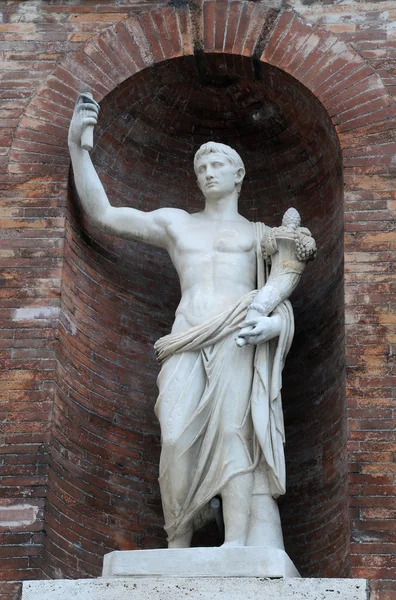 Estatua medieval en Roma — Foto de Stock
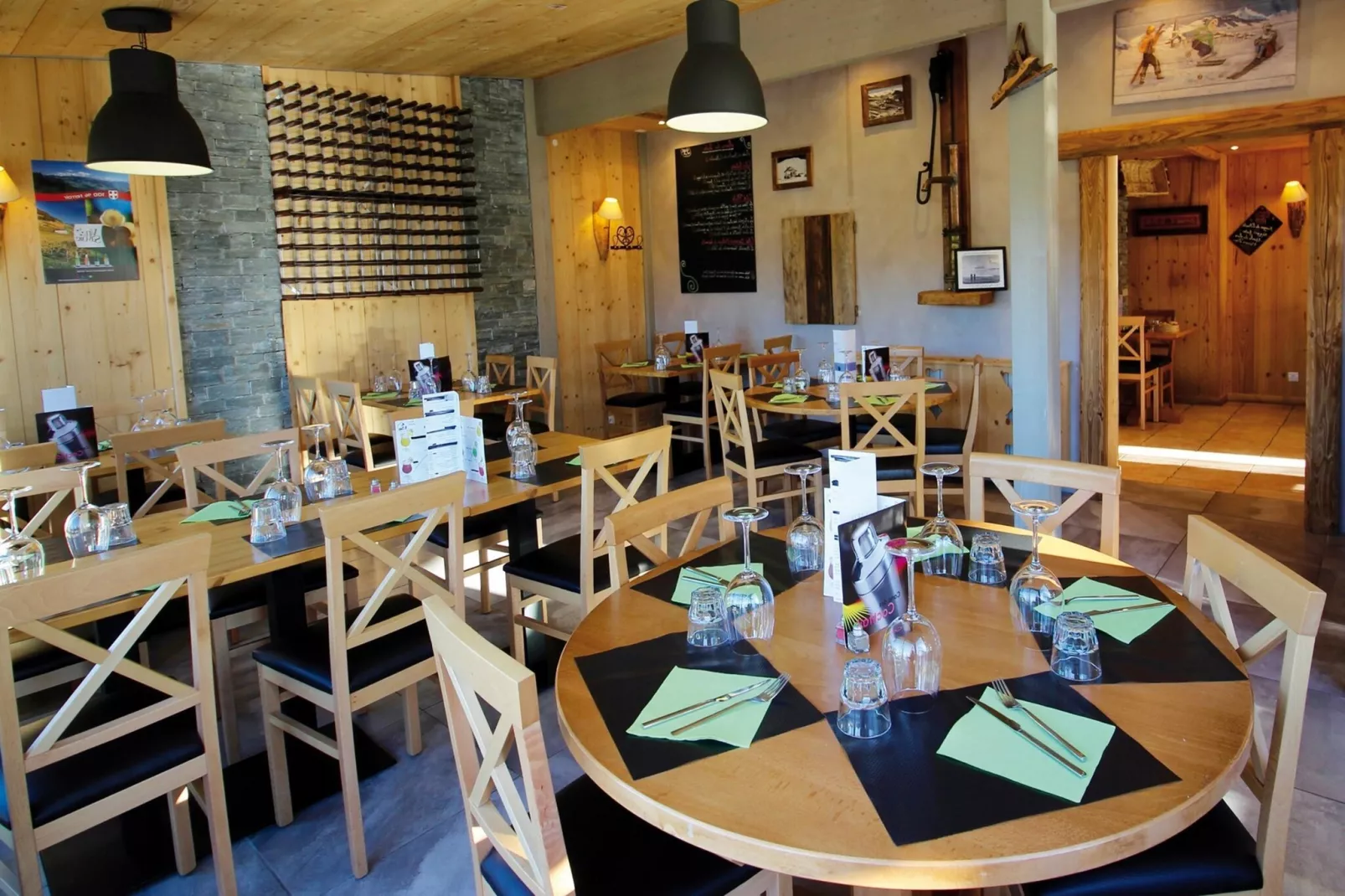 Résidence L'Écrin des Sybelles 3-Dining room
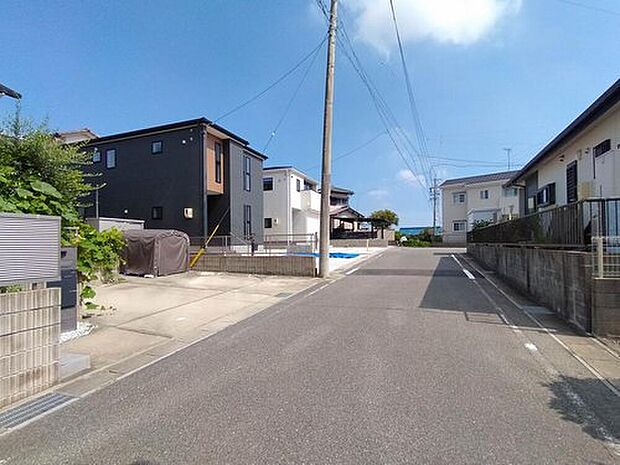 【前面道路含む現地写真】前面道路は交通量の少ない道路です。ゆとりがあり、駐車時もゆっくりと落ち着いて行える立地環境になっています♪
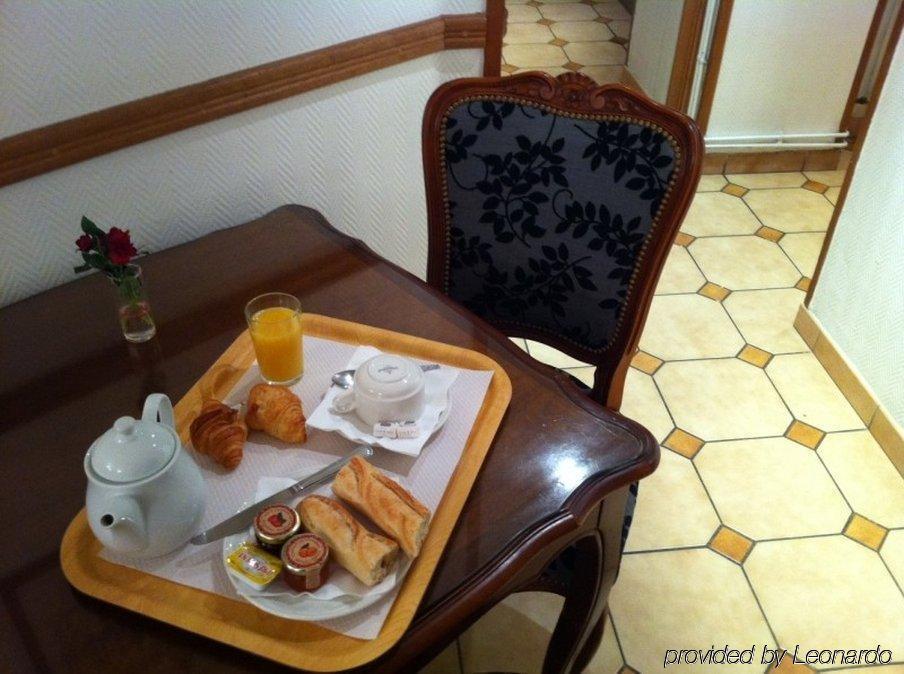 Saint Christophe Hotel 3*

**WHAT YOU WILL DO:** Make an exact copy of the listing. Leave its pictures out.

**SOLUTION TO THIS PROBLEM:**
 Estatua medieval en Roma — Foto de Stock
 Résidence L'Écrin des Sybelles 3-Dining room
 【前面道路含む現地写真】前面道路は交通量の少ない道路です。ゆとりがあり、駐車時もゆっくりと落ち着いて行える立地環境になっています♪
 Saint Christophe Hotel 3*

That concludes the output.